McHenry deputy says shooter yelled: “If we're gonna do this, let's do this. Airborne!”
Something seemed amiss when three McHenry County sheriff's deputies went to the Holiday Hills home of Scott B. Peters in October.
There was no doorbell at white house on the 1300 block of Northeast Drive, and two surveillance cameras followed the movements of Deputies Dwight Maness and Khalia Satkiewicz as they approached the home's front step, answering a call for a well-being check of Peters' wife.
The deputies identified themselves and asked Peters to come outside. He refused at first, telling them to get off his property, but then asked them to come inside the home.
Maness refused and then heard a voice from inside say, “If we're gonna do this, let's do this. Airborne!”
A volley of gun shots then rang out from Peters' AR-15 rifle.
“When he said, ‘Airborne,' I immediately tried to take cover,” Maness, seated in a wheelchair with his left leg elevated, testified Tuesday in the attempted murder trial of Peters.
Peters, 52, who served tumultuous years in the U.S. Army in the early 1980s, fled the scene, authorities say. He was arrested about 16 hours later after a manhunt involving more than 250 law enforcement officers.
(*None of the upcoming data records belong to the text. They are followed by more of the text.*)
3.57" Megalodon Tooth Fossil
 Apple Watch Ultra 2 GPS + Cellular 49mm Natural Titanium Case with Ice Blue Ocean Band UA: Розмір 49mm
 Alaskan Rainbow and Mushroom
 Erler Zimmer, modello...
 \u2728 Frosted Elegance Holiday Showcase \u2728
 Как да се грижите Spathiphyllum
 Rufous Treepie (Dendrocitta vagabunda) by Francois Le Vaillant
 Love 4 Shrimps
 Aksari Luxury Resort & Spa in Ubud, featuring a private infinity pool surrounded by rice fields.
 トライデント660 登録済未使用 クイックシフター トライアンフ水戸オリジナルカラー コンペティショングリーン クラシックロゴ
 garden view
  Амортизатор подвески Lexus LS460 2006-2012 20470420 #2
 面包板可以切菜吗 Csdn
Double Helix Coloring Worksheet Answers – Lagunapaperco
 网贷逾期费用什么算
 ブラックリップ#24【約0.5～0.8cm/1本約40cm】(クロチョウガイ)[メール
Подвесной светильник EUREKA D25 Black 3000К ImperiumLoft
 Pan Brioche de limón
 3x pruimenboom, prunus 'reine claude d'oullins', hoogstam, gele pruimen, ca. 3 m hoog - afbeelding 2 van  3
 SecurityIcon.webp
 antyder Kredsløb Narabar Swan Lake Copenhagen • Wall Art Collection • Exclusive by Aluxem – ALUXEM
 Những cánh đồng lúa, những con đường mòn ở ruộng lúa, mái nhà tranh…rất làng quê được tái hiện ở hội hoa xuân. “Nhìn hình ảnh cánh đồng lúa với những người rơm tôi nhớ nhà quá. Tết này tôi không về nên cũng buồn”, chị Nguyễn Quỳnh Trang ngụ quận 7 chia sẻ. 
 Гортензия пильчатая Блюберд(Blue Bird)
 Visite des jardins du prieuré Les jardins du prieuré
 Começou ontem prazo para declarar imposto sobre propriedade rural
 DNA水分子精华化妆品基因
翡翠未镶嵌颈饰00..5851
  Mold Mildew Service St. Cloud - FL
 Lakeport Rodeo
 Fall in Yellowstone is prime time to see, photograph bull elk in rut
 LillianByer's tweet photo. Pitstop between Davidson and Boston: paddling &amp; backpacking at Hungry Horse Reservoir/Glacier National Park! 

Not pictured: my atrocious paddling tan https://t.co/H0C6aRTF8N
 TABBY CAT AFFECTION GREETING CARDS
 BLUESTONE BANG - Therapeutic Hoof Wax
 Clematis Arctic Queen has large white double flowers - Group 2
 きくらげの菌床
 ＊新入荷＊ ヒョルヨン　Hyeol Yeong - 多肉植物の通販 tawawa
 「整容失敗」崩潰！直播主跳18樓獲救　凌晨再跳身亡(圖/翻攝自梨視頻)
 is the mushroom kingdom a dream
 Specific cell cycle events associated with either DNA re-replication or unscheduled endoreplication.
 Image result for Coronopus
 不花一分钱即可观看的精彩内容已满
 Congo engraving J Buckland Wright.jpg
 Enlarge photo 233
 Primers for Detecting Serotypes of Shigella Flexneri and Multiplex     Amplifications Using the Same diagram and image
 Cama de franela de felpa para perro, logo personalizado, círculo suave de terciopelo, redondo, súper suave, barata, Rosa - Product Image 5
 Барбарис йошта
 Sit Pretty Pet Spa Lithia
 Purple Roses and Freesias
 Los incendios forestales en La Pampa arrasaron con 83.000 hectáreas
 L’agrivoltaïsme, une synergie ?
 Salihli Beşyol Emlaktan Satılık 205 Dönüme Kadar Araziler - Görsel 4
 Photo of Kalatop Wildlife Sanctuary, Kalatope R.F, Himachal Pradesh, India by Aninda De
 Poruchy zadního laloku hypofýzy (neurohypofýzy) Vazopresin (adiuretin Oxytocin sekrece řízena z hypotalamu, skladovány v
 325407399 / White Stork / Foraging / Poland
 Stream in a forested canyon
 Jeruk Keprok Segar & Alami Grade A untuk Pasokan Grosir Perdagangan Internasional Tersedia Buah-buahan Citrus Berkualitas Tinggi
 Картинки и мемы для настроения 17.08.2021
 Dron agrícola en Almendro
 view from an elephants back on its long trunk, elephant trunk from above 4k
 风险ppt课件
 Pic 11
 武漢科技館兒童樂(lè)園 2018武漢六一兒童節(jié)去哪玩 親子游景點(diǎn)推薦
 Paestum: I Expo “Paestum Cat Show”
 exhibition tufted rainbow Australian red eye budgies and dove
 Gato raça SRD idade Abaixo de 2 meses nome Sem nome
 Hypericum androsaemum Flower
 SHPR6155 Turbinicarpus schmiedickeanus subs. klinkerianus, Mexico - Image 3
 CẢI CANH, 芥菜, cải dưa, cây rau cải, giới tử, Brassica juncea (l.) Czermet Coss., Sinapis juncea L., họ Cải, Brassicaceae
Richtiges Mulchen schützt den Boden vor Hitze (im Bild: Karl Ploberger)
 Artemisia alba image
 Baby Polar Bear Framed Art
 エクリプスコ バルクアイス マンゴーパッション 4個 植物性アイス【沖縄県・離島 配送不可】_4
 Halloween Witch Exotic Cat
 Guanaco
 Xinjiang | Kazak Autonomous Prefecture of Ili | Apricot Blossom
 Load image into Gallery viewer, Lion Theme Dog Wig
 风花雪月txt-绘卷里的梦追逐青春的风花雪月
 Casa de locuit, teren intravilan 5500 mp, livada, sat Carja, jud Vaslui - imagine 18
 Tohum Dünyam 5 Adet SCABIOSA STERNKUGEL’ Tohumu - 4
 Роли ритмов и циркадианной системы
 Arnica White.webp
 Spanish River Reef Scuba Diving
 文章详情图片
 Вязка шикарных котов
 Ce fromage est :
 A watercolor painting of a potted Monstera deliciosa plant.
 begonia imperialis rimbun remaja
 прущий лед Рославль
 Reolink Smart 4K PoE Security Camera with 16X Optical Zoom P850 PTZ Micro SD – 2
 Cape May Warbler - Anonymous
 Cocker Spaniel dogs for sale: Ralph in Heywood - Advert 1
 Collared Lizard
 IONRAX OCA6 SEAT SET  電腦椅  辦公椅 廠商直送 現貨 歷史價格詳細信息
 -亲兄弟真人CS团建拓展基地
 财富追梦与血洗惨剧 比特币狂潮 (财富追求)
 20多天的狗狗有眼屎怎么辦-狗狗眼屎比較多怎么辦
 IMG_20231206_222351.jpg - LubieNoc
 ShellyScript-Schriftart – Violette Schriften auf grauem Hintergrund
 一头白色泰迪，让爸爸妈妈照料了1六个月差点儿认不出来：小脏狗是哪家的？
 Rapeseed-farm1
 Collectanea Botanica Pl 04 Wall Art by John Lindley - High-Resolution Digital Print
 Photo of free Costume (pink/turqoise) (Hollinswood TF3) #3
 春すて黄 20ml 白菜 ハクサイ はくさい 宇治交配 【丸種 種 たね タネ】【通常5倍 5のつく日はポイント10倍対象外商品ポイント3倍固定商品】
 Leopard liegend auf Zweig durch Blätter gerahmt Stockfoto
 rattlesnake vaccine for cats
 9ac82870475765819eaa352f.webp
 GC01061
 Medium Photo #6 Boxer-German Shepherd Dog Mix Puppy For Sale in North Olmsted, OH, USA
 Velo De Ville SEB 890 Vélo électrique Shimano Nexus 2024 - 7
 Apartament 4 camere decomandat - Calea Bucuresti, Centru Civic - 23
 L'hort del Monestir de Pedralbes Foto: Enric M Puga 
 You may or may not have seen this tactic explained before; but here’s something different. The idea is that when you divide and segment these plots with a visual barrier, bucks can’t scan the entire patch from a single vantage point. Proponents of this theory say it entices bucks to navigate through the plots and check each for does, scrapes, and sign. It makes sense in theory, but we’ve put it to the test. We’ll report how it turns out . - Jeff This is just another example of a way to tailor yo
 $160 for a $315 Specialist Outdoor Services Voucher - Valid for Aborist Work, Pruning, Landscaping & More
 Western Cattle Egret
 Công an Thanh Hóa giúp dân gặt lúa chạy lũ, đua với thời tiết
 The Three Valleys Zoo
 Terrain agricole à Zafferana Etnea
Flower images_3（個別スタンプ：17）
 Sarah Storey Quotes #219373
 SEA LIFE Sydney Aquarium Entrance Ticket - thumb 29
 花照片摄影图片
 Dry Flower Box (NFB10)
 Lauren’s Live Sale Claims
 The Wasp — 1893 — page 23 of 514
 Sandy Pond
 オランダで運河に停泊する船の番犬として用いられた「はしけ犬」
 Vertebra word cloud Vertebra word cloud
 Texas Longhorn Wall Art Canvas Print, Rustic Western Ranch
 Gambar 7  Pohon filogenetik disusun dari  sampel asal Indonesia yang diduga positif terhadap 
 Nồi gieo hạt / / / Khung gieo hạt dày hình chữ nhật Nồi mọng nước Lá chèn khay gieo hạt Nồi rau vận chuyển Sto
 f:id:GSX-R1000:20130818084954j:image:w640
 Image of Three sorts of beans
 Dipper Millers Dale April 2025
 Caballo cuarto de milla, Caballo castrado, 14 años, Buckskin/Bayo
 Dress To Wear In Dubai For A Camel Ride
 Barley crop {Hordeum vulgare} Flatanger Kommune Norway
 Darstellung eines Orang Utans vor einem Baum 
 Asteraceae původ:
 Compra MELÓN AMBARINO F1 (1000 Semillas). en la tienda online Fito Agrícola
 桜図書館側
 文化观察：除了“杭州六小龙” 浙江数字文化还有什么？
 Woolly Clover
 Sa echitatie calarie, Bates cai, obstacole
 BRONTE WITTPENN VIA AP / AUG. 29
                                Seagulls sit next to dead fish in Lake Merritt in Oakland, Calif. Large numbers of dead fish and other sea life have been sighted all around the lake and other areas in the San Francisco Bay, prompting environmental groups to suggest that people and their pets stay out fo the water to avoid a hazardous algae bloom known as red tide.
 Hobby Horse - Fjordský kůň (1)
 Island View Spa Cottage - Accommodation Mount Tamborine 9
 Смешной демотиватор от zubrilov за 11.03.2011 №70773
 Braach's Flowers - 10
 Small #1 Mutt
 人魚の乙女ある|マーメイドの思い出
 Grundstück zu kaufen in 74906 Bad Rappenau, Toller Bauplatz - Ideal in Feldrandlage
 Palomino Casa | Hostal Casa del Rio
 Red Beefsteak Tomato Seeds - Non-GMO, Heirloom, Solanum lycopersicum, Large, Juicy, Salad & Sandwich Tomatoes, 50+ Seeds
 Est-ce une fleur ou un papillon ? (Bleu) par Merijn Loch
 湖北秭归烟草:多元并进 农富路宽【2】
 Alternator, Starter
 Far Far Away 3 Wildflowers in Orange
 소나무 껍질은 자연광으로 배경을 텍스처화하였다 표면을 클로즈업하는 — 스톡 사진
Peters' attorney, Public Defender Richard Behoff, said the gunfight was the result of a misunderstanding. Peters didn't realize he had shot at police, thinking they were people who had vandalized his home in the past.
“On Oct. 16, Scott Peters made a horrible, horrible mistake, a rush to judgment,” Behoff told a jury of seven women and five men. “Don't make the same mistake he did. Scott had no intention of killing anybody.”
Michael Combs, chief of the McHenry County state's attorney's office, though, described Peters as a “coward.”
“He ambushed those officers,” Combs said. “They were doing their jobs, serving and protecting all of us, and in return for that, they were shot.”
Maness testified that he felt a burning sensation in his back and realized he had been hit by the shots Peters fired through his closed front door.
Maness took cover behind a minivan parked in Peters' driveway, and Satkiewicz said she had been hit in the chest and leg.
The third deputy, Eric Luna, returned from the rear of Peters' home and returned fire while Maness made a break for his squad car to get a bigger gun.
“I knew at the time we needed to even the odds,” Maness testified. “I needed to get my rifle.”
But he was shot in his left leg and crumpled to the pavement, losing his pistol in the process. Maness, a retired 20-year Army veteran who fought in the first Gulf War in the early 1990s, crawled on his belly through a break in a nearby fence and into a ditch.
An Island Lake Police Officer who responded to the scene tightened a tourniquet around Maness' leg and dragged him to safety.
Photos from the scene later in the day still showed a pool of blood on the pavement and a wavy red line showing the path along which Maness was moved.
Satkiewicz, who was shot in the left leg, also testified Tuesday, describing how a downed Maness called for help, but she had dropped her keys and could not get back into her squad car.
“There were shots coming through the door and we could hear glass breaking,” she tearfully testified, adding a bullet whizzed by her head as she escaped. “I just felt it. It was inches from my head. Had I turned to the right, it would have hit me.”
Luna, the third deputy, also testified. He said he took cover near Maness, and fired eight shots toward the gunman. Luna said the gunman yelled out, “I'm a U.S. Army paratrooper. I hope you're ready to die because I am.”
Peters was tracked down near Route 176 and Smith Road in Crystal Lake, about six miles from his home.
Officers who arrested Peters testified he was cooperative, acknowledging he was the one police were looking for.
Peters had an “expert” rifle rating while serving in the Army from February 1980 through May 1983 but was listed as going AWOL twice, “desertion” once and spent more than 40 days in military jail.
Peters has been held on $1 million bail since his arrest, and faces up to life in prison if convicted.
His trial in front of Judge Sharon Prather is expected to run through week's end.